Does this apply to the cross product of two bra-kets? I became curious from equation 10 on Dr. Berry's paper, where the Berry phase acquired by a state is the double integral of the following term: $$ \langle \nabla n | m\rangle \times \langle m | \nabla n\rangle. $$

So, does the following make sense?

$$ | \langle \nabla n | m\rangle \times \langle m | \nabla n\rangle| = | \langle \nabla n | m\rangle| | \langle m | \nabla n\rangle| \cdot\sin{\theta}, $$

where

$$ \cos{(\theta)}=\langle \nabla n | m\rangle \cdot\langle m | \nabla n\rangle. $$

To me, it doesn't make sense intuitively because cross products are usually given in tensorial notation in physics (for example: Expressing the magnitude of a cross product in indicial notation). Why is the application of the magnitude above incorrect, or when is it applicable?

Answer 1

Usually, when we write $|\cdots\rangle$, the symbol(s) contained inside are just labels used to distinguish different elements of the Hilbert space from each other. That label can be a scalar, vector, matrix, or a list of our favorite arthropod species — but it's still labeling just a single element of the Hilbert space.

However, Berry's paper [1] is using a slightly unconventional notation $|\nabla n\rangle$ in which each component $\nabla_k n$ of $\nabla n$ labels a different element of the Hilbert space, so $|\nabla n\rangle$ is actually an abbreviation for three different kets, namely the kets $|\nabla_k n\rangle$ with $k\in\{1,2,3\}$.

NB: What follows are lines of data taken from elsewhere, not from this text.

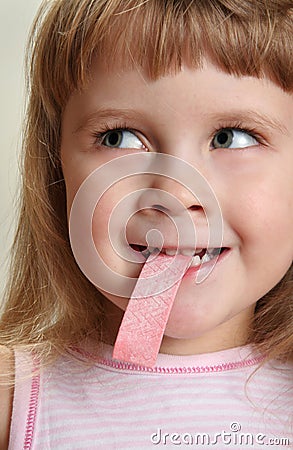 Child with chewing gum Stock Photo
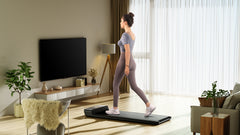 Foldable Kingsmith WalkingPad A1 Pro treadmill for under desk walking, showing the compact design and black finish.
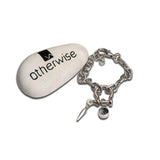 Rock-style silver bracelet featuring a stainless-steel chain, Swarovski crystal charm, and shackle pendant.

Therefore, in Berry's equation ($7$c), the quantity $v = \langle m|\nabla n\rangle$ is a vector with three components $v_k = \langle m|\nabla_k n\rangle$ with $k\in\{1,2,3\}$. Its complex conjugate is $v^*=\langle\nabla n|m\rangle$. Both $v$ and $v^*$ are ordinary vectors with 3 complex components each. The fact that their components were constructed using bras and kets does not affect the meaning of the cross product $v^*\times v$.

The only unconventional feature of $v^*\times v$ is the fact that the components of the vectors are complex numbers, and part of the question is whether or not a familiar identity for the magnitude of the cross-product generalizes to this case. In particular, the relationship between $|v^*\times v|$ and $v^*\cdot v$ is questioned. To address this, write $v=v_R+iv_I$ where $v_R$ and $v_I$ are the real and imaginary parts of $v$. Then $$ v^*\times v = 2i\,v_R\times v_I \hskip2cm v^*\cdot v = v_R\cdot v_R + v_I\cdot v_I. $$ This shows that the quantity $v^*\times v$ depends on the angle between $v_R$ and $v_I$, but the quantity $v^*\cdot v$ does not. Therefore, the value of $v^*\cdot v$ cannot determine the value of $|v^*\times v|$. This shows that the relationship questioned in the OP cannot hold in general.

As a check, consider the case $v=(1,z,0)$ with $z=\exp(i\phi)$. Then $$ |v^*\times v|=2|\sin\phi| \hskip2cm v^*\cdot v=2 $$ for all $\phi$. This confirms that $v^*\cdot v$ does not determine the value of $|v^*\times v|$.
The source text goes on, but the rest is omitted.